**What the exercise asks**
Beginning at the line that holds "Depeche Mode –", repeat every line through the last line of the material, exactly, and drop any pictures.

*** Entries supplied Section Begins ***

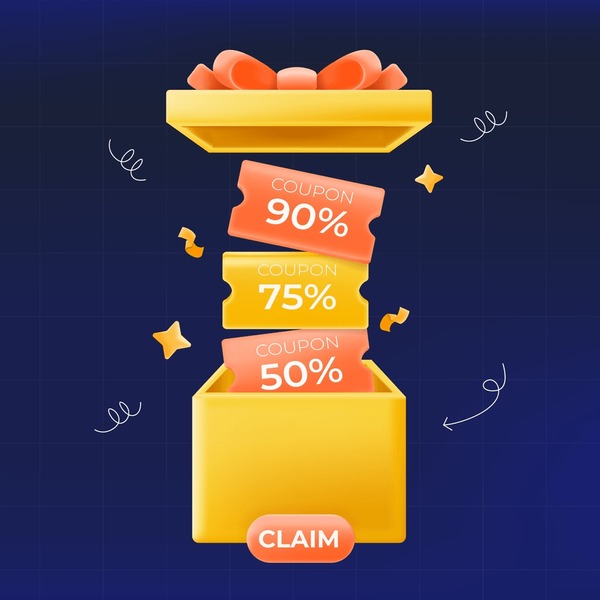 Email Signup: The Easiest 20% Off - visual representation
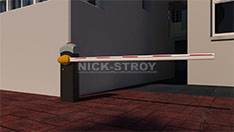 Шлагбаумы производителя CAME. От 35 000 ₽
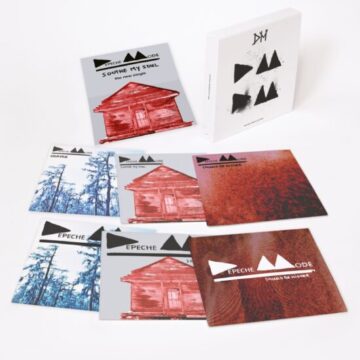 Depeche Mode – Delta Machine | The 12" Singles; Box Set de 6 Vinilos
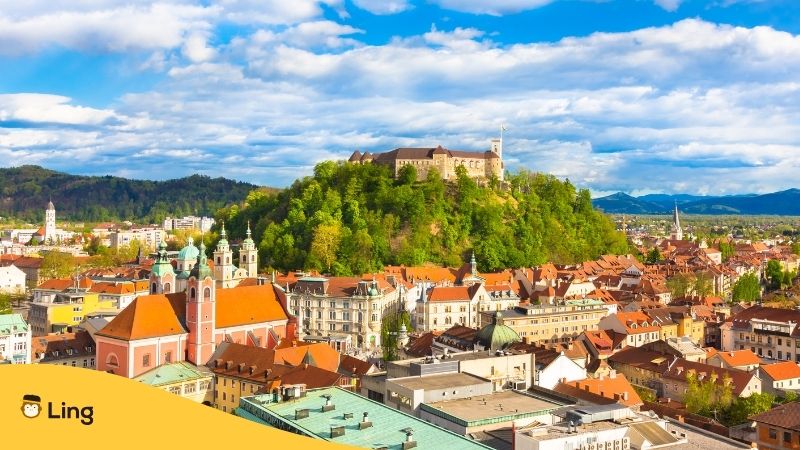 Ljubljana Traveling In Slovenia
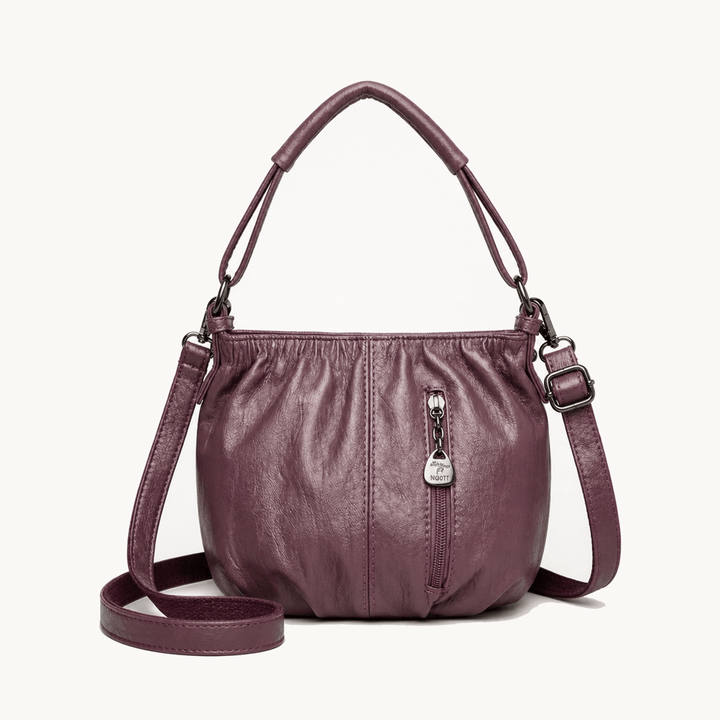 Velina™ Soft Pleated Crossbody Bag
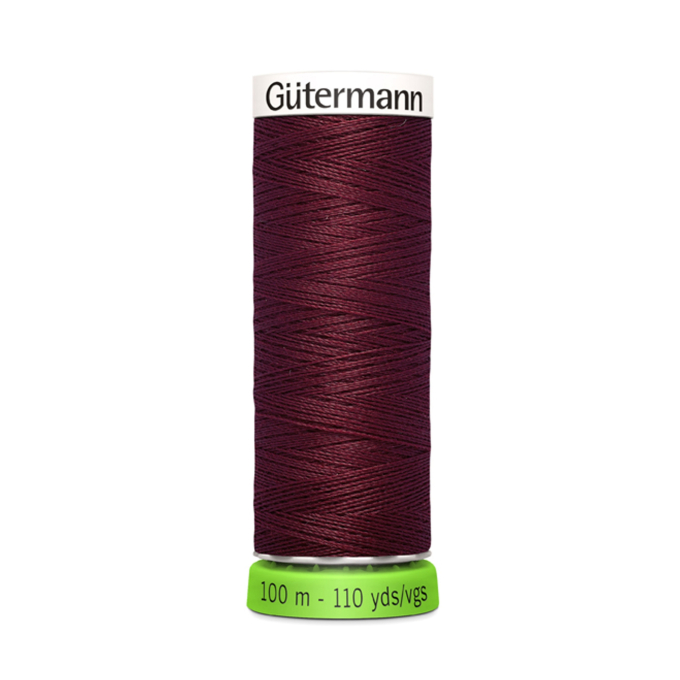 Gütermann Allesnäher rPET 100 m, (369) bordeaux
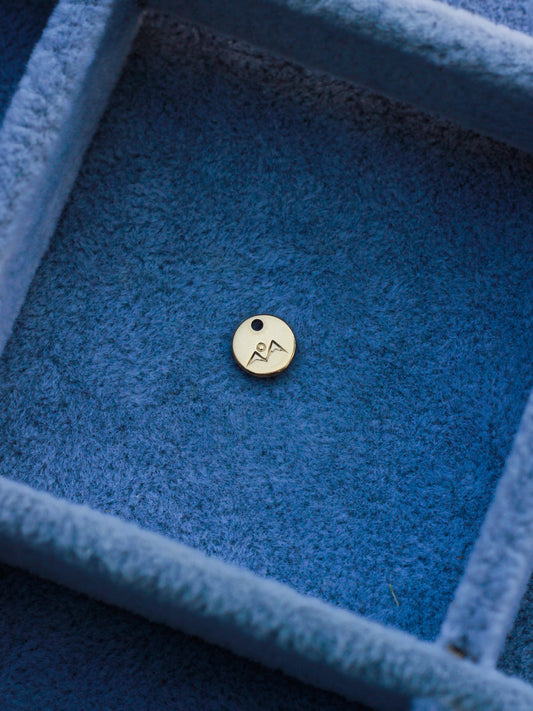 6.3mm Mountain Charm, CH05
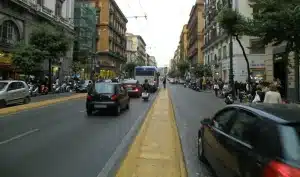 studentessa morta napoli incidente 19 settembre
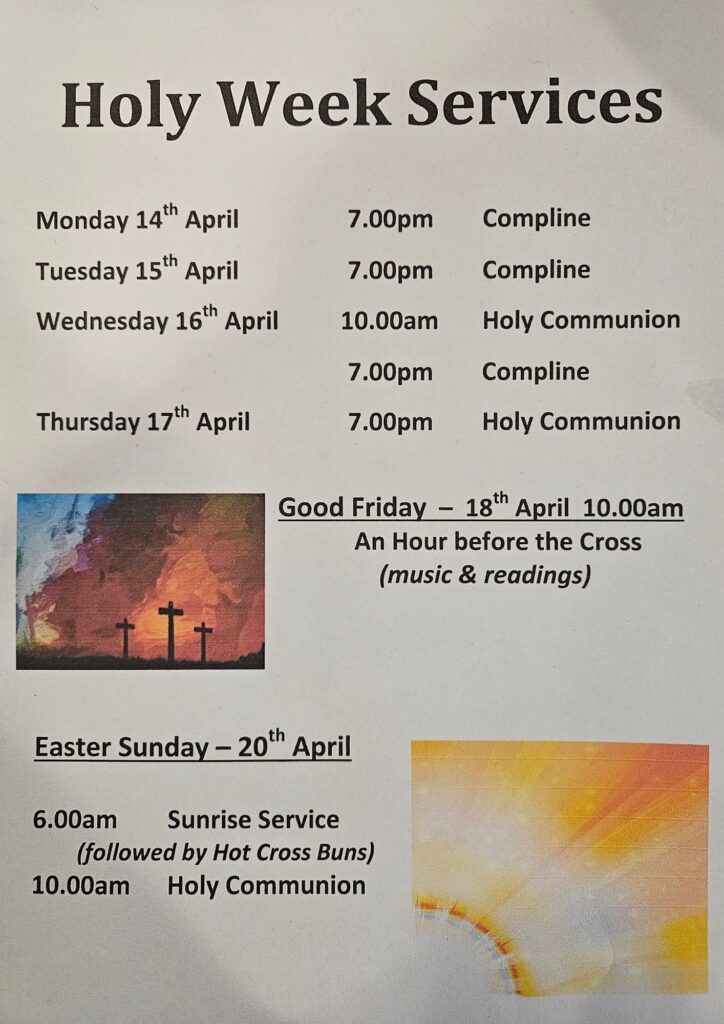 holy week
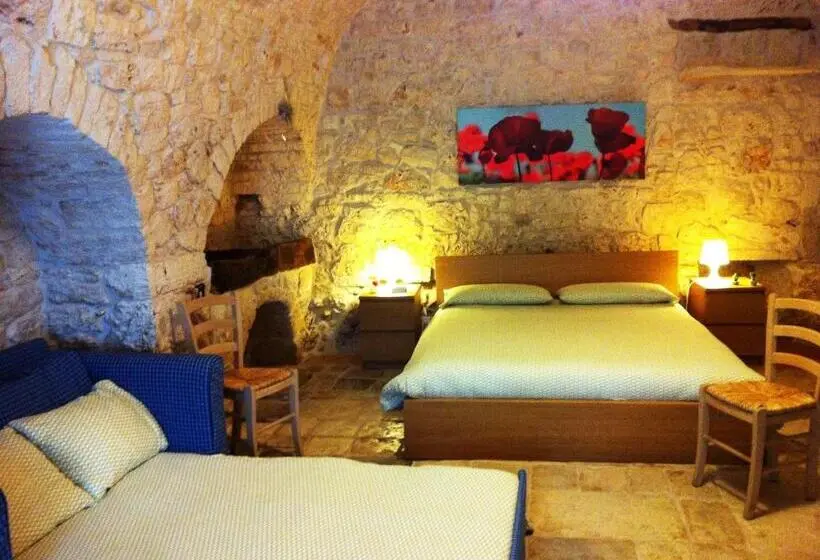 Comfort Kolmen Hengen Huone, La Rosa Blu 2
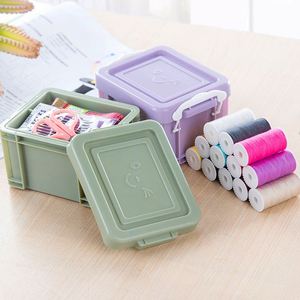 Hot Selling Home Mini <b>Boxed</b> <b>Sewing</b> Set for Travel Kit - Product Image 2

*** Entries supplied Section Ends ***

**Solution for this task**
 Depeche Mode – Delta Machine | The 12" Singles; Box Set de 6 Vinilos
 Ljubljana Traveling In Slovenia
 Velina™ Soft Pleated Crossbody Bag
 Gütermann Allesnäher rPET 100 m, (369) bordeaux
 6.3mm Mountain Charm, CH05
 studentessa morta napoli incidente 19 settembre
 holy week
 Comfort Kolmen Hengen Huone, La Rosa Blu 2
 Hot Selling Home Mini <b>Boxed</b> <b>Sewing</b> Set for Travel Kit - Product Image 2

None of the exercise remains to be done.